Болеславский, первые шесть впечатлений

Болеславский, первые шесть впечатлений

Ричард Болеславский. Фото: NAC

Ричард Болеславский (1889-1937) был театральным и кинорежиссером, актером, педагогом. До начала Первой мировой войны его карьера развивалась в России: с 1908 года он был связан с МХТ. Впоследствии, несмотря на военную службу, возвращение в независимую Польшу и работу во многих странах Европы, он сохранил связь со Станиславским и вновь встретился с ним во время гастролей МХАТа в Соединенных Штатах в 1921 году.
Болеславский поселился в США, где основал American Laboratory Theatre и актерскую школу. Одним из его учеников был Ли Страсберг. В 30 е годы он сделал карьеру в Голливуде. До своей внезапной безвременной смерти он успел с успехом снять для кинокомпаний «Metro-Goldwyn-Mayer» и «Columbia» около 20 фильмов с участием ведущих звезд кинематографа того времени.
Написанный им учебник «Искусство актера, первые шесть уроков» до сих пор используется и переиздается, однако по-польски он был издан (в двух разных переводах) лишь в последние годы. У себя на родине Болеславский почти полностью забыт.

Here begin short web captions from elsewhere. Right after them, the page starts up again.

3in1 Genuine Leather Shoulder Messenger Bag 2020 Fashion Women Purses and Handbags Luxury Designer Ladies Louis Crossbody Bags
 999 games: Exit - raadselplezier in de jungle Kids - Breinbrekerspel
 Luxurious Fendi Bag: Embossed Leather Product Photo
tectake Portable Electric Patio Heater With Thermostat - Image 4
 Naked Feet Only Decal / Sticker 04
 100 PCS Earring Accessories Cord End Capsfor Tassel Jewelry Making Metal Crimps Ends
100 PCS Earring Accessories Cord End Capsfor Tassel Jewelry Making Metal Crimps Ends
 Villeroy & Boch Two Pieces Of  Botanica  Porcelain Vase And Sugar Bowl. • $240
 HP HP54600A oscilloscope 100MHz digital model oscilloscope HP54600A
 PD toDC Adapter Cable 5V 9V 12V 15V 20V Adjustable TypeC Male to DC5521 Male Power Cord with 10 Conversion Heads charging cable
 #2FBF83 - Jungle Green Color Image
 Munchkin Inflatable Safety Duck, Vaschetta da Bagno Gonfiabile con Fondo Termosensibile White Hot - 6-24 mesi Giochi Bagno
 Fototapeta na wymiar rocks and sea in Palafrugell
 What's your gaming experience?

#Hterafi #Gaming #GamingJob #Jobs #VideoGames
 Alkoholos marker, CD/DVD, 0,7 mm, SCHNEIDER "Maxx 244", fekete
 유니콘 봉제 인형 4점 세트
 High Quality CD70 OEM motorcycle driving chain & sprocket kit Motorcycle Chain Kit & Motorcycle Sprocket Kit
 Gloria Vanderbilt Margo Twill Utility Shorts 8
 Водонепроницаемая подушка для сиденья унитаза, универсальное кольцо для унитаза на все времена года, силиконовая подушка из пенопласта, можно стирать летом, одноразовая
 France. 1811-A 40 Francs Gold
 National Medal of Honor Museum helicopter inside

В мае 2016 года Варшавская театральная академия провела международную конференцию «Ричард Болеславский, его творчество и его время», напомнившую о забытом в Польше мастере. Публикуемая статья — один из рефератов, прочитанных на этой конференции.

*

Хотелось бы поделиться с вами впечатлениями от книги «Искусство актера, первые шесть уроков», в которой Болеславский наиболее развернуто излагает свои взгляды на актерское мастерство и его преподавание. Уже почти восемьдесят лет эта книга переиздается и используется в качестве учебного пособия. Последние несколько лет ее можно прочесть и по-польски, теперь даже в двух переводах.
Читая ее, невольно вспоминаешь выполняющий схожую роль труд учителя Болеславского — «Работу актера над собой» Константина Станиславского. Разумеется, речь идет о первом томе, который Станиславский завершил при жизни, и который можно считать полностью самостоятельным произведением. Идея сходства двух книг несколько обманчива. Нет никаких свидетельств, что Станиславский когда бы то ни было интересовался книгой своего бывшего ученика. Его биограф Ирина Виноградская наверняка упомянула бы об этом. Болеславский же никак не мог прочитать книгу учителя, поскольку умер раньше него, не дожив до ее выхода. Оба произведения, обе попытки передать в письменном виде неуловимые актерские переживания и советы можно сопоставлять друг с другом лишь по «двойному слепому методу», разбирая их различия и сходство. Однако делать это стоит, ведь известно, что именно в МХТ следует искать истоки театрального мышления и актерской восприимчивости автора «Первых шести уроков». В США Болеславский неоднократно рассказывал о методике Станиславского, популяризировал ее в том виде, какой был ему известен, на основании ее ранних этапов.
Итак, сопоставим. Оба автора избрали литературную форму. Станиславский облек свой труд в форму воспитательного романа. Болеславский избрал жанр киносценария. Оба ведут повествование от первого лица. Речь идет, естественно, об обучении актерскому искусству, и здесь появляется первое впечатление — к сожалению, печальное и не слишком приятное, поэтому хорошо бы начать с него, чтобы сразу с ним разделаться. Как известно, Станиславский-рассказчик избирает выразителем своих взглядов ученика, который ничего не умеет, постоянно заблуждается, проявляет чрезмерное рвение и часто бывает смешон. Он измазывается шоколадом, режется стеклом, переживает многочисленные унижения, но постоянно стремится к тому, чтобы чему-нибудь научиться. Лишь благодаря его рассказу мы знакомимся с учителем, воспринимаемым извне, — недоступным, провозглашающим теории самого Станиславского, но при этом наделенным многими чертами его былого учителя — такого, каким Станиславский его запомнил…
В результате этот учитель, Торцов, всегда остается далеким — как для автора, так и для нас. Нам всегда хочется достичь его уровня и всегда есть к чему стремиться. Так выстраивается простой мост между автором и читателем: автор спускается с кафедры, осознает, что каждый был когда-то в начале пути и, главное, каждый постоянно находится в начале дальнейшего пути, должен учиться и совершенствоваться; что это бесконечный процесс, никогда нельзя стать учителем par excellence*. Этот повествовательный прием выражает не кокетство, но смирение, и иллюстрирует принцип, согласно которому любить надо «искусство в себе, а не себя в искусстве».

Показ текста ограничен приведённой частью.